**Work to complete**
Each entry that follows should be set down precisely, with its pictures removed.

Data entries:
-.-.-

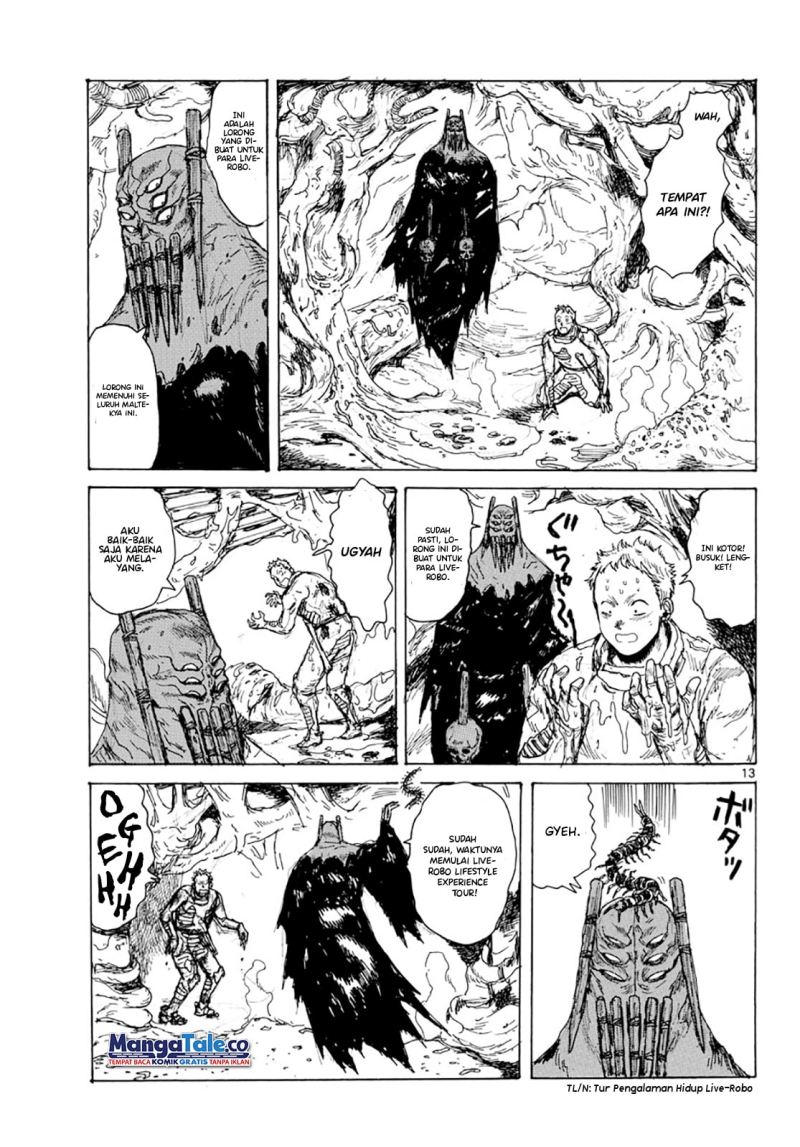 Dai Dark Chapter 08 Gambar 18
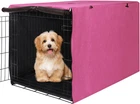 Funda resistente para jaula de perro, funda de privacidad universal para perrera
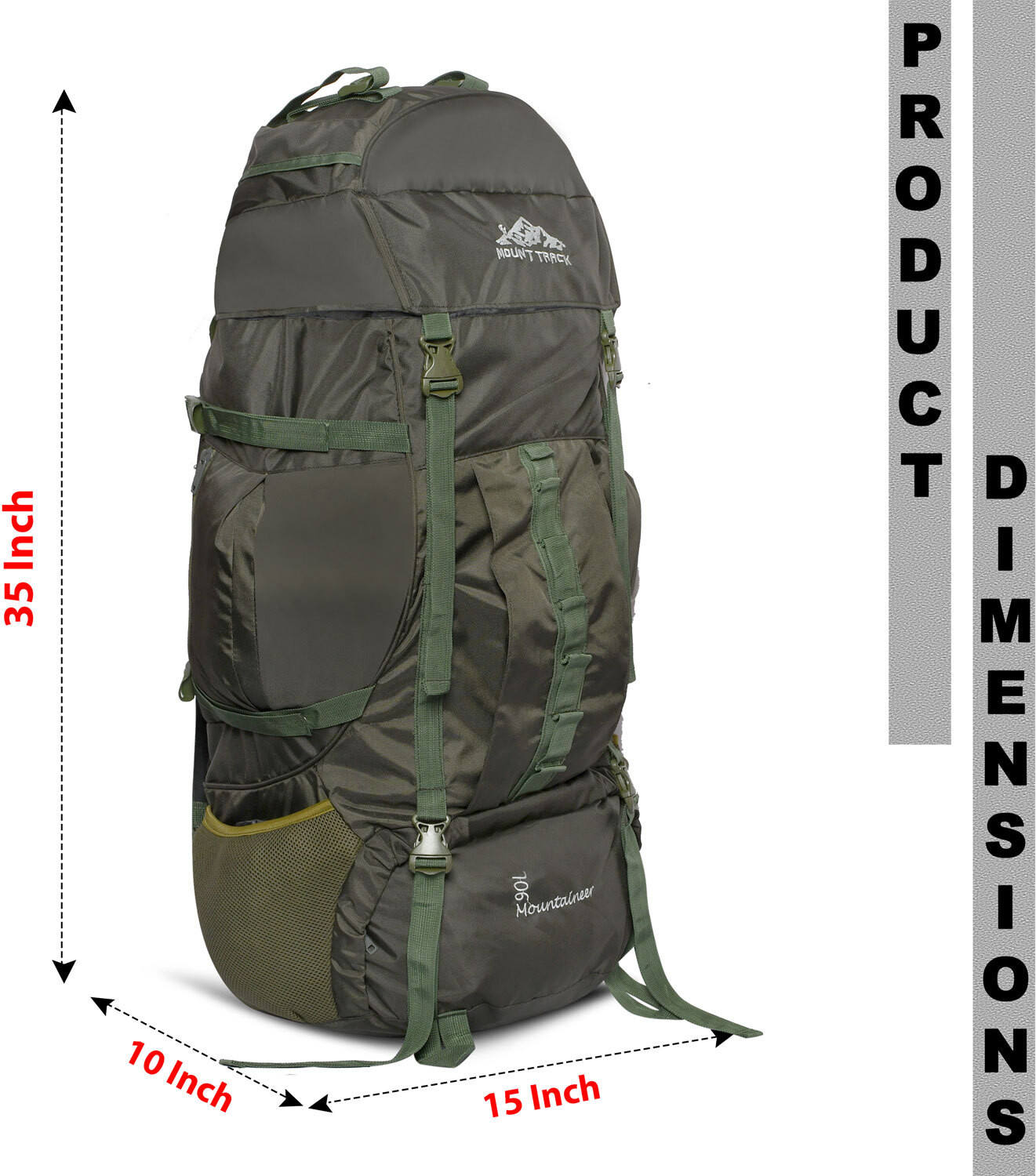 Image of MOUNT TRACK Mountaineer Hiking
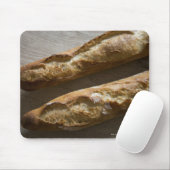バフランスのグリフランスの、パン、クローズアップ マウスパッド (マウス)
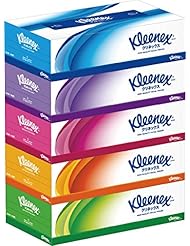 クリネックス ティシュー 360枚(180組) 5箱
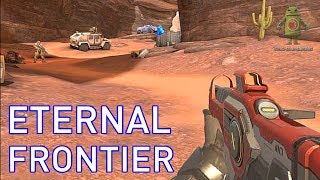 ETERNAL FRONTIER GAMEPLAY - iOS ANDROID - DESTINY OPEN WORLD for MOBILE?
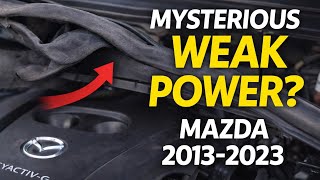 Mazda Loses Power on Hills or Acceleration? Check This
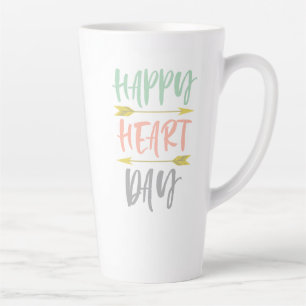 Cute Valentines Day Happy Heart Day Mug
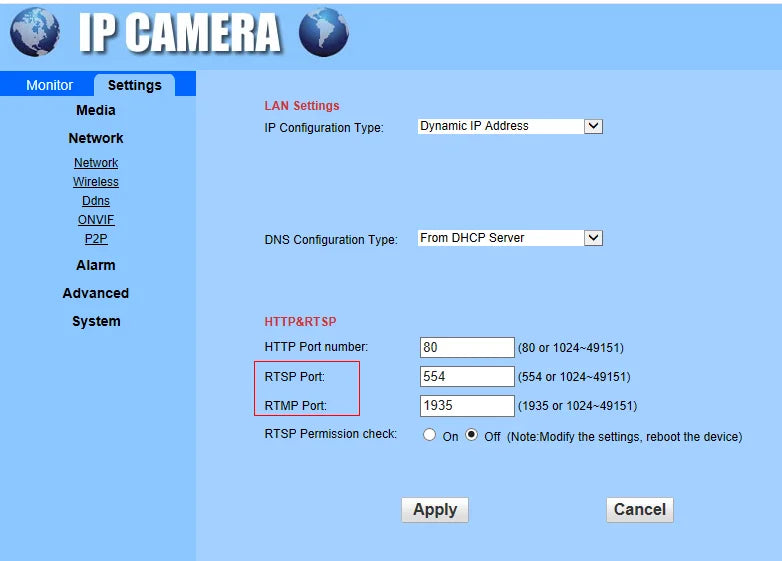 Bezprzewodowy mini PTZ z alarmem ruchu, audio, ONVIF, RS485, H.265/H.264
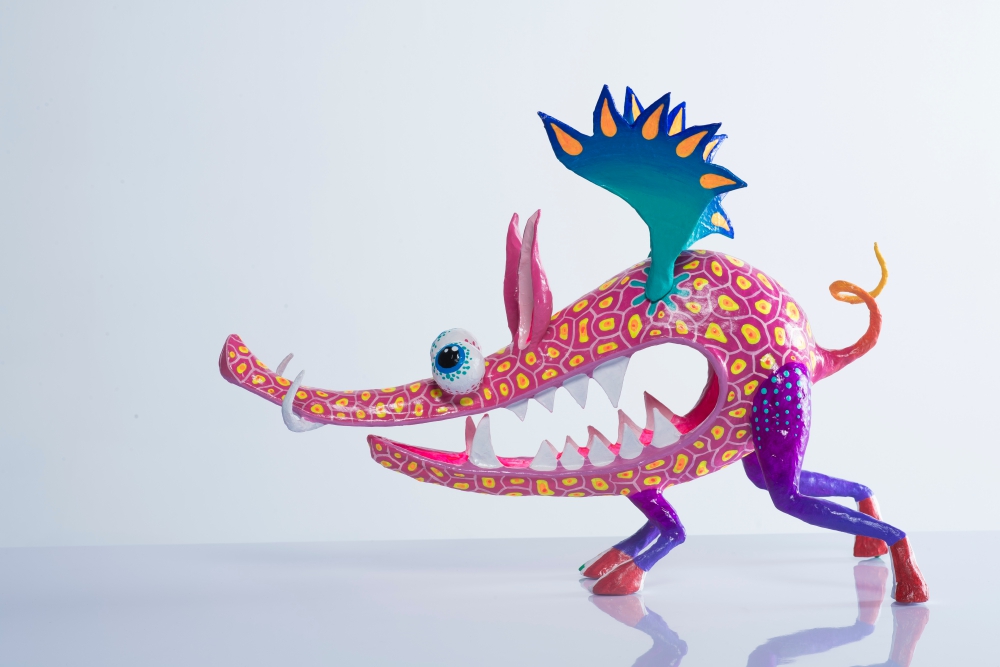Alebrijes 'invaden' el GP de México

-.-.-

**The answer**
 Dai Dark Chapter 08 Gambar 18
 Funda resistente para jaula de perro, funda de privacidad universal para perrera
 Image of MOUNT TRACK Mountaineer Hiking
バフランスのグリフランスの、パン、クローズアップ マウスパッド (マウス)
 クリネックス ティシュー 360枚(180組) 5箱
 ETERNAL FRONTIER GAMEPLAY - iOS ANDROID - DESTINY OPEN WORLD for MOBILE?
 Mazda Loses Power on Hills or Acceleration? Check This
 Cute Valentines Day Happy Heart Day Mug
 Bezprzewodowy mini PTZ z alarmem ruchu, audio, ONVIF, RS485, H.265/H.264
Alebrijes 'invaden' el GP de México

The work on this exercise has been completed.